What should I use? De Moivre's formula? Exponential form? I tried, but It doesn't work.
Prove that if $(\cos \alpha + i \sin \alpha )^n = 1$ then $(\cos \alpha - i \sin \alpha )^n = 1$.
What should I use? De Moivre's formula? Exponential form? I tried, but It doesn't work.

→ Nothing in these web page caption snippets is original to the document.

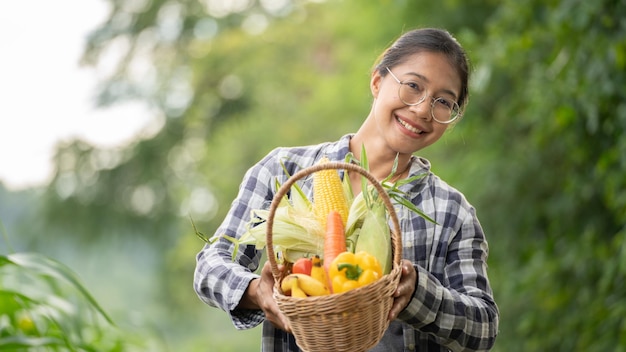 Hermosa joven morena Retrato Famer Mujer mano sosteniendo Verduras en la cesta de bambú en verde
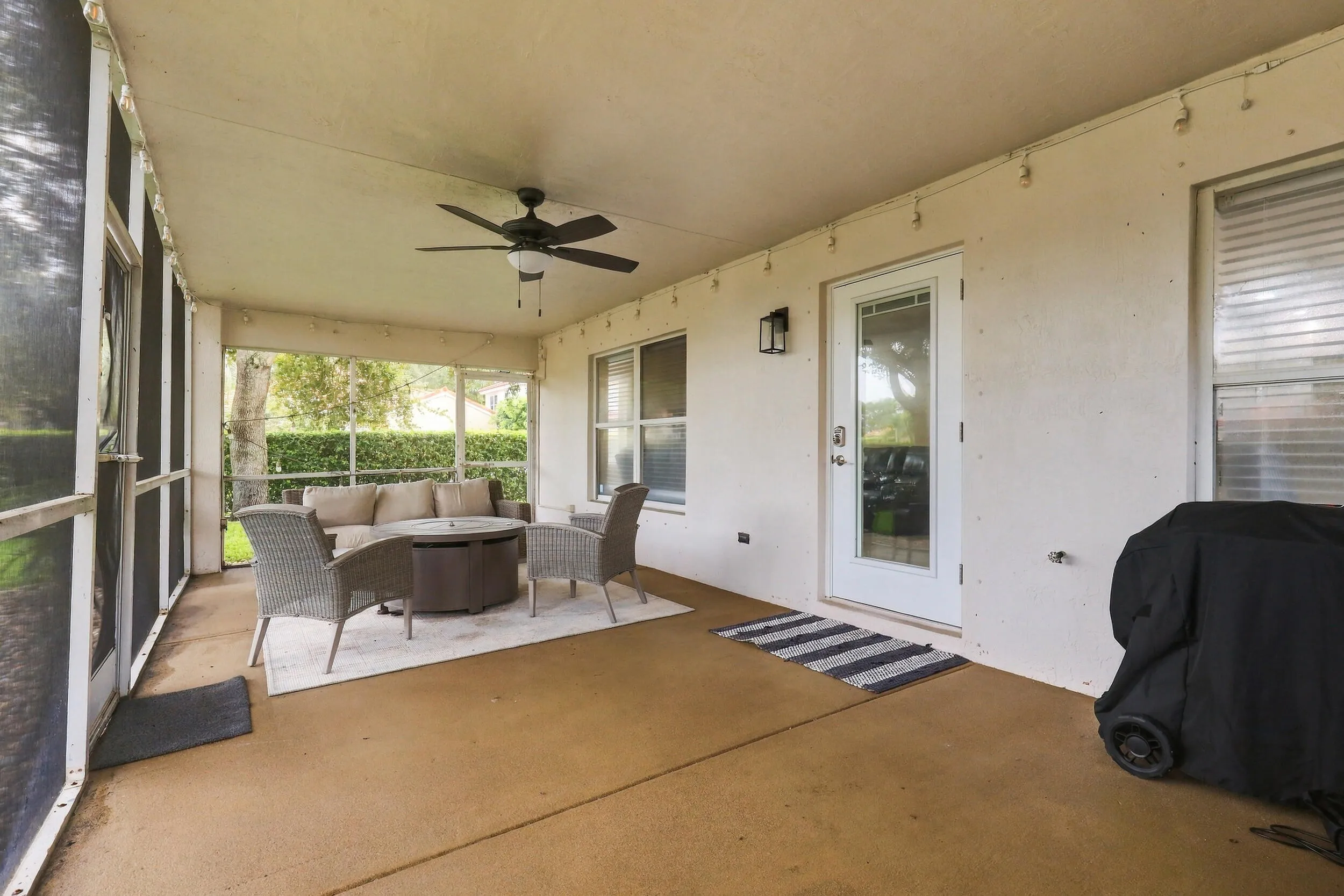 A 360 square foot covered and screened patio dramatically expands the home's entertaining space, with plenty of room to create both an outdoor living room and dining area for year round enjoyment. Whether hosting family and friends, dining outside, or simply unwinding at the end of the day, the combination of the expansive screened patio, lush hedges, full fencing, and complete rear privacy makes this a truly special outdoor setting.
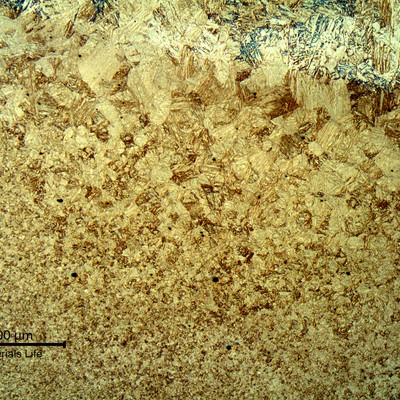 Fusion line of the forging side, in the cap, showing the weld metal (to the top of the image) and the base metal (to the bottom of the image). The heat affected zone hardness is about 270HV10.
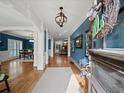 Bright entryway with hardwood floors and blue walls at 2012 Mendenhall Cir, Atlanta, GA 30341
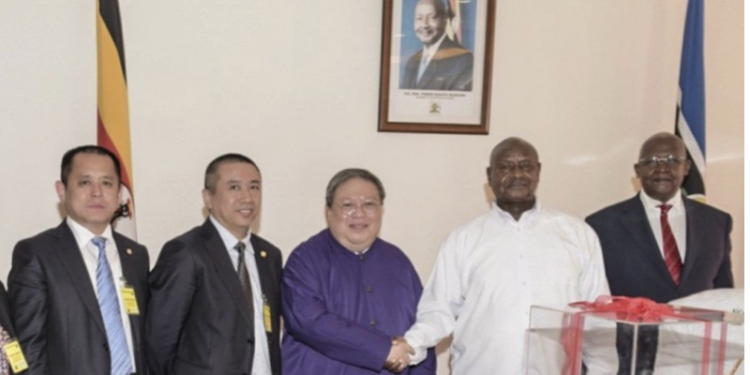 USA Exhibits: Museveni, Sam Kutesa shaking hands with Chinese convicts of Bribery - Image may be subject to copyright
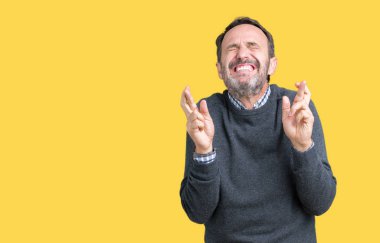 Yakışıklı orta yaş komuta sizde umut ve gözleri kapalı geçiş parmaklarıyla gülümseyen izole arka plan üzerinde bir kazak giyiyor. Şans ve batıl kavramı.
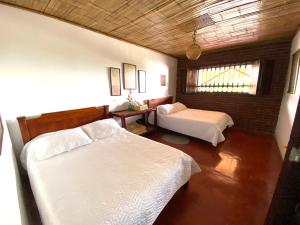 a bedroom with two beds and a table and a window at Finca Cafetera Madrigal - Café Sortiz in Maravélez
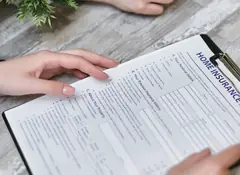 Home insurance claim form on a clipboard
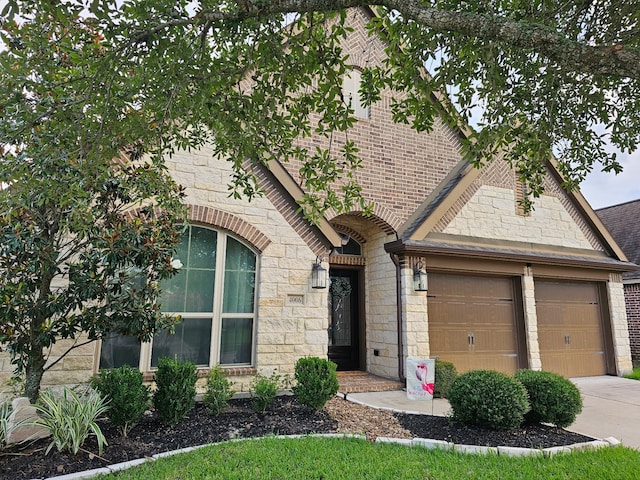 4006 Trento Ct, Katy, TX 77493 - view of front of property with stone siding, concrete driveway, and an attached garage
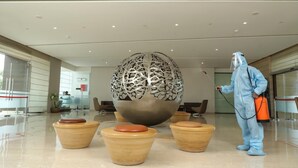 A person in protective gear cleaning a lobby area with a large decorative bowl and several smaller bowls. - Sayaji Vadodara (Vadodara)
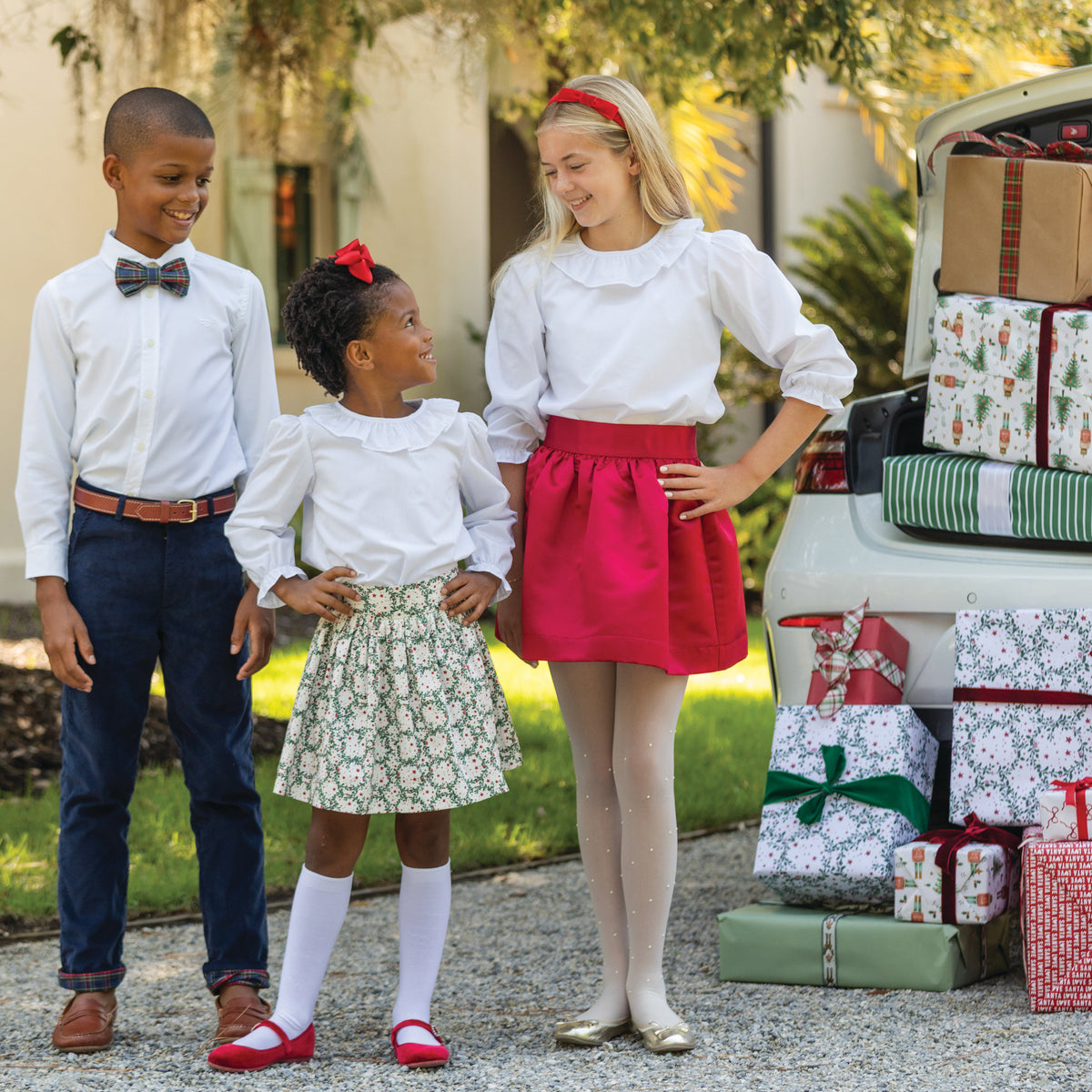 Girls’ Sutton Skirt in Regent Wreaths, featuring a festive green wreath and red star print on white with a full gathered silhouette.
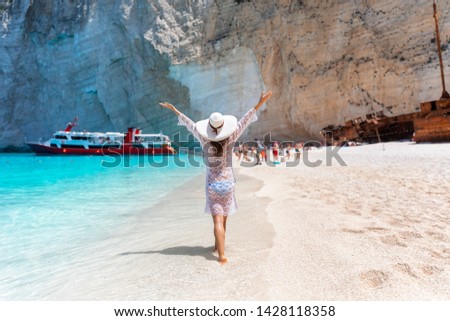 Happy tourist woman with white hat walks on the famous shipwreck beach, Navagio, on Zakynthos island, Ionian Sea, Greece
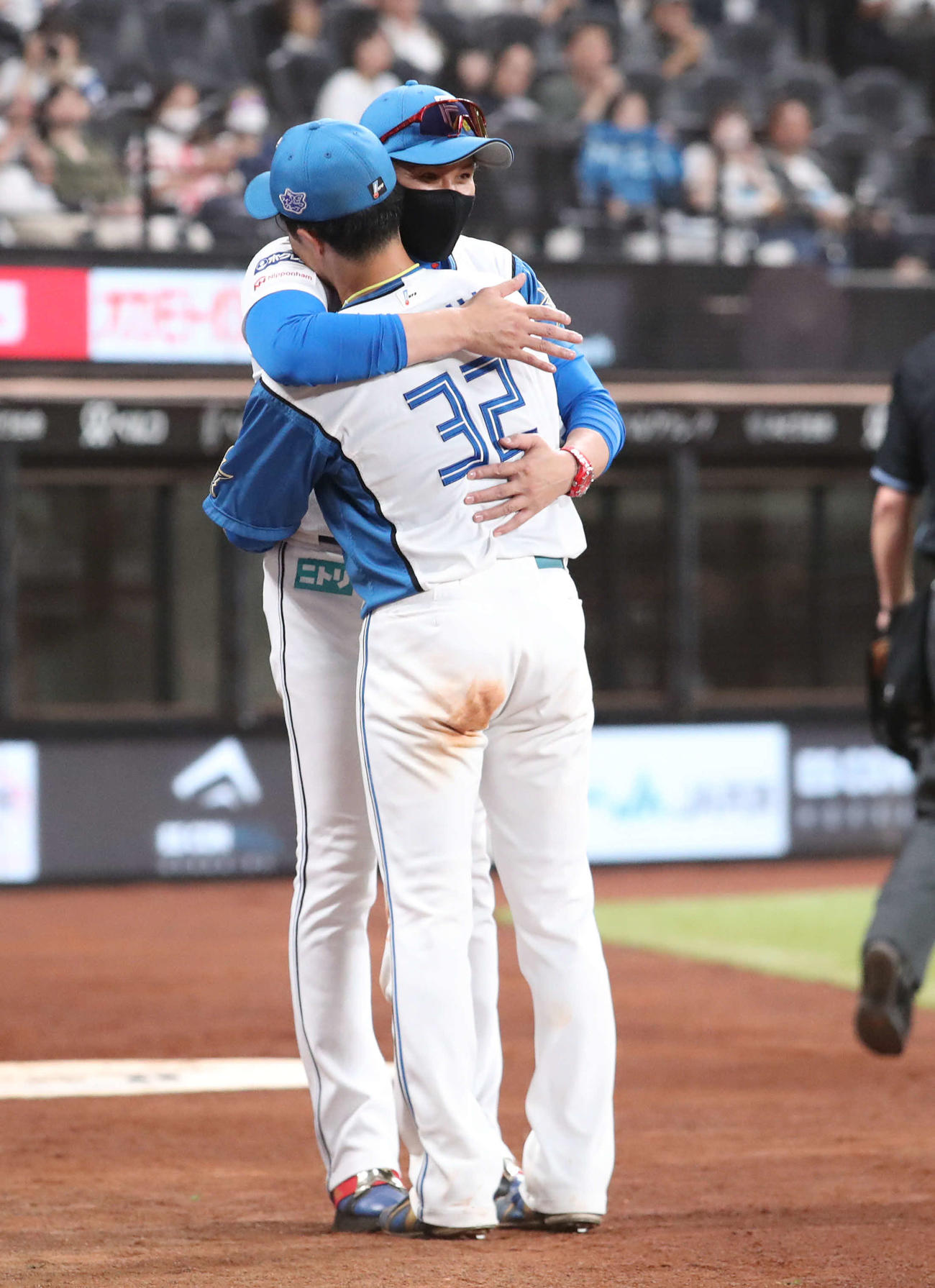 日本ハム対ロッテ　5回表、新庄監督（後方）は交代を告げた谷内を抱きしめる（撮影・佐藤翔太）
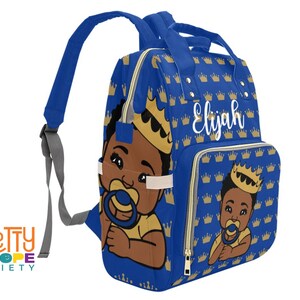 Puede incluir: Mochila azul para beb&eacute; con un estampado de coronas doradas y un beb&eacute; de dibujos animados con corona y chupete. El nombre "Elijah" est&aacute; escrito en blanco. La mochila tiene correas ajustables y m&uacute;ltiples compartimentos.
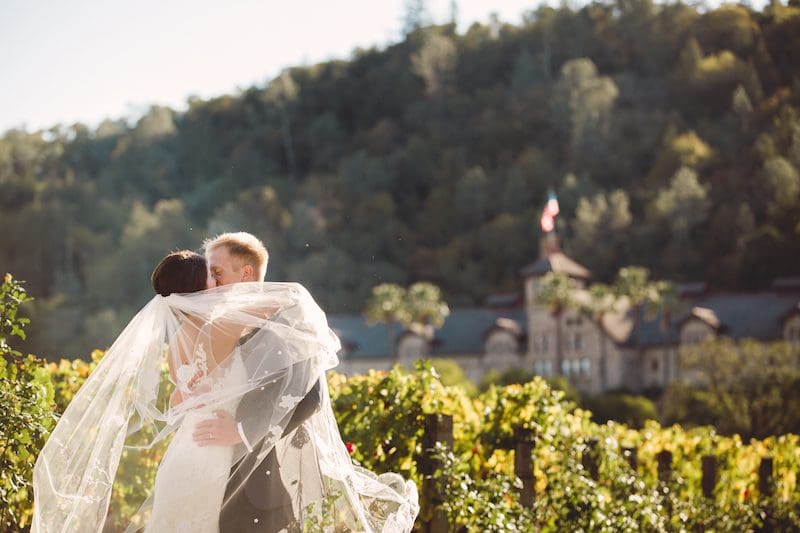 Bride and groom embracing in a vineyard, Napa Valley winery in background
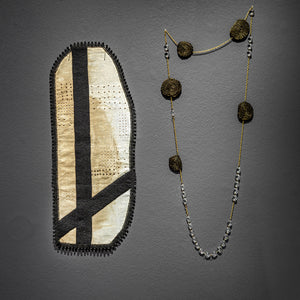 Sera Waters, Familiar Activism: Truth-Telling: Bitumen Doily & Stump Necklace, 2021, hand-dyed linen, felt, cotton, trim, strings, vintage gold Japanese thread, chain and chandelier crystals, 55 x 23 cm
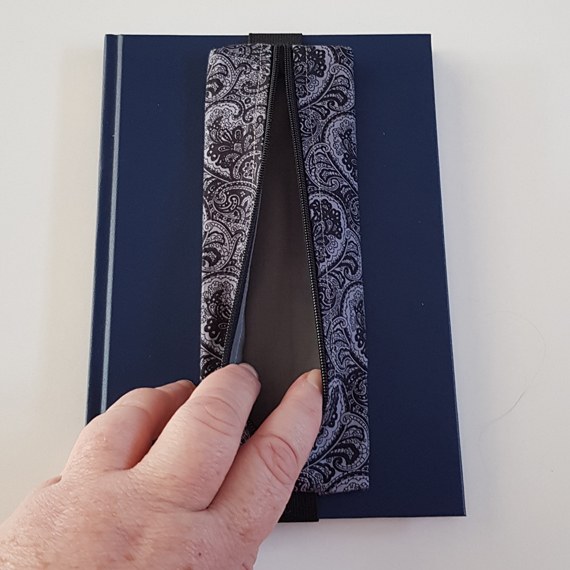 Handmade A5 planner zipper pouch in black and white paisley print cotton fabric, shown fitted around a navy A5 notebook with a black zip and elastic strap, holding pens and small stationery items.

If $\overline{z}$ denotes the complex conjugate of $z$, notice that $\overline{z^n} = \overline{z}^n$ for any integer. So
$$(a+ib)^n=1\implies\left(\overline{a+ib}\right)^n=\overline{(a+ib)^n}=\overline{1}=1.$$
$(\cos \alpha + i \sin \alpha )^n =e^{in\alpha}= 1 \implies e^{-in\alpha}=(\cos \alpha - i \sin \alpha )^n=1$
Another way of thinking about the problem is to let $z = \cos \alpha + i \sin \alpha $. Then, using the fact that $z^n = 1$, evaluate $\frac1{z^n}$
You should get that $\frac1z=\cos \alpha - i \sin \alpha $
Yet another approach: Since $(\cos\alpha+i\sin\alpha)^n=1,$ then $$(\cos\alpha-i\sin\alpha)^n=(\cos\alpha-i\sin\alpha)^n(\cos\alpha+i\sin\alpha)^n=\bigl((\cos\alpha-i\sin\alpha)(\cos\alpha+i\sin\alpha)\bigr)^n$$ Now, expand $(\cos\alpha-i\sin\alpha)(\cos\alpha+i\sin\alpha)$. What can we do then?